Für das System wählte das Team vier Wärmebildkameras des Typs A65sc von Flir sowie vier kompakte RGB-Kameras eines anderen Herstellers mit jeweils ca. 5MP aus. Hermann Kaubitzsch (bgk infrarotservice) empfahl die ungekühlte Thermografiekamera: „Die A65sc eignet sich mit einer Wärmebildauflösung von 640×512 Pixeln, einer Bildwiederholrate von 30Hz, dem Ethernet-Anschluss und den kompakten Abmessungen von 106x40x43mm sehr gut für diese Anwendung.“ Zudem war der Spezialist auch für die Synchronisation und die Auswertung der Kameras zuständig. „Vor einigen Jahren hatten wir mit einer Wärmebildkamera eines anderen Anwenders experimentiert, aber da funktionierte die Steuerung über Ethernet nicht wie versprochen“, so Prof. Dr. Lutz Bannehr, der am Institut für Geoinformation und Vermessung die Bereiche Geodatenerfassung und Sensorik leitet. Studenten entwickelten eine 3D-Anordnung für die insgesamt acht Kameras, die auf möglichst kleinem Raum angeordnet werden mussten, um im Bodenbereich des ultraleichten Fluggerätes Platz zu finden. Für den Einbau im Gyrocopter wurde eigens eine offene Bodenplatte mit Halterung angefertigt. Auch ein Name für das ´Aerial Oblique System´ war schnell gefunden: AOS-Tx8. Die Steuerung des Systems findet über Ethernet, die Anzeige der Bilddaten auf einem 10″-Display statt. Insgesamt wiegt das Kamerasystem 11,6kg bei Abmessungen von 330x400x320mm.

Synchronisation der Wärmebildkameras

 Das AOS-Tx8 kombiniert in einer sich überlappenden Schräganordnung vier kompakte RGB-Kameras mit vier Wärmekameras des Typs Flir A65sc. (Bild: Flir Systems GmbH)

Bild 2 | Das AOS-Tx8 kombiniert in einer sich überlappenden Schräganordnung vier kompakte RGB-Kameras mit vier Wärmebildkameras des Typs Flir A65sc. (Bild: Flir Systems GmbH)
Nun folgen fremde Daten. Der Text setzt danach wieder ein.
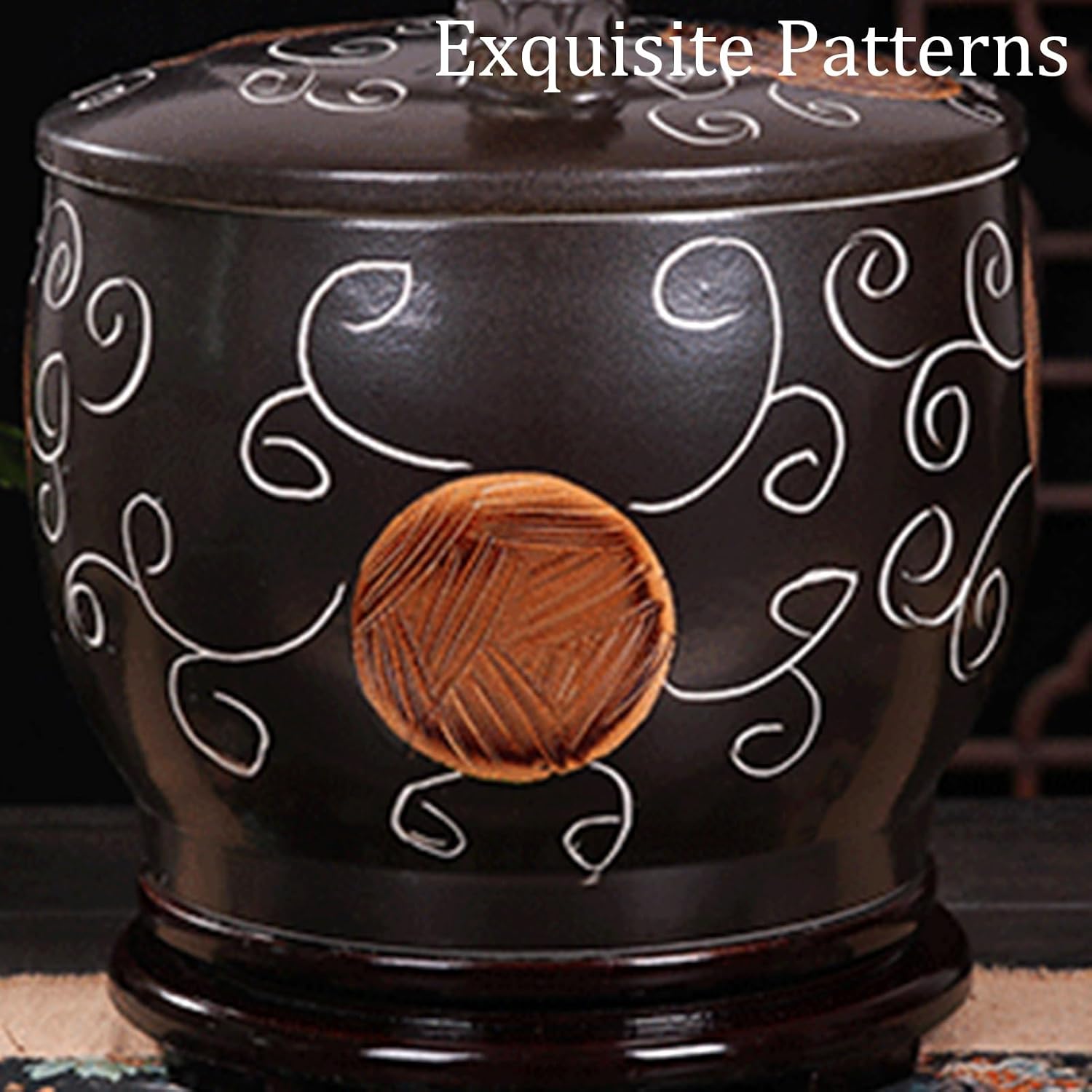 Ceramic Rice Jar Large, Sealed Rice Container with Lid Large-Capacity Rice Bucket,Household Rice Barrel, Food Containers Jar for Soybeans Corn Flour Oatmeal(Black,Capacity: 10 kg)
Die Überlappung der Flir-Kameras beträgt 12% bzw. 3°. Um verwertbare Daten der vier einzelnen Wärmebildkameras zu erreichen und Temperatursprünge in den Messdaten am Übergang des Messbereichs von zwei Kameras zu vermeiden, mussten die vier Kameras miteinander synchronisiert werden. Technik-bedingt weisen ungekühlte Wärmebildkameras eine Abweichung von bis zu +/-5% in der Temperaturmessung auf. Bei einem Test aller vier Kameras gegenüber einem Referenzstrahler ergaben sich dann auch tatsächlich die vorhergesagten Abweichungen, die sich allerdings linear über das gesamte Spektrum verteilten. Insofern war es möglich, eine der Kameras zur Referenzkamera zu machen und die anderen drei Kameras darauf abzustimmen.

Am 15. August 2017 war es dann soweit: Das AOS-Tx8 System war in den Gyrocopter eingebaut und bereit für erste Testmessungen im Flug. Die Flugplanung erfolgt mittels Flugplanungsprogrammen, bei denen Google Earth als Kartenbasis dient. Die Flugplanungsdaten mit den Auslösepunkten werden in das Flugmanagementsystem kopiert. Dieses triggert bei den Flügen das Kamerasystem und andere Sensoren. Bei den Testflügen entstanden nicht nur Bilder aus einem senkrechten Winkel (IR-Orthobilder), sondern auch großflächige 3D-Wärmebilder, die auch die Dämmung von Fassaden zeigen. Somit ist es erstmalig möglich, ein digitales Oberflächenmodell (kurz: DOM, mit Ermittlung der genauen Häuserhöhe) sowie ein digitales Geländemodel (DRM) in RGB und Infrarot abzuleiten. Weitere mögliche Anwendungsbereiche sind z.B. die Erhebung von Bestandsdaten über Großrauminventuren, Überwachung, Volumenkontrolle im Tagebau, Waldbrand-Monitoring, Zustandserhebung im Dämmungsbereich, Ertragsschätzung für Photovoltaik und Solarthermie, Umweltmonitoring, Geologie und topographische Geländeaufnahmen bis zu digitalen Stadtmodellen, bei denen verschiedenste urbane Parameter gesammelt werden.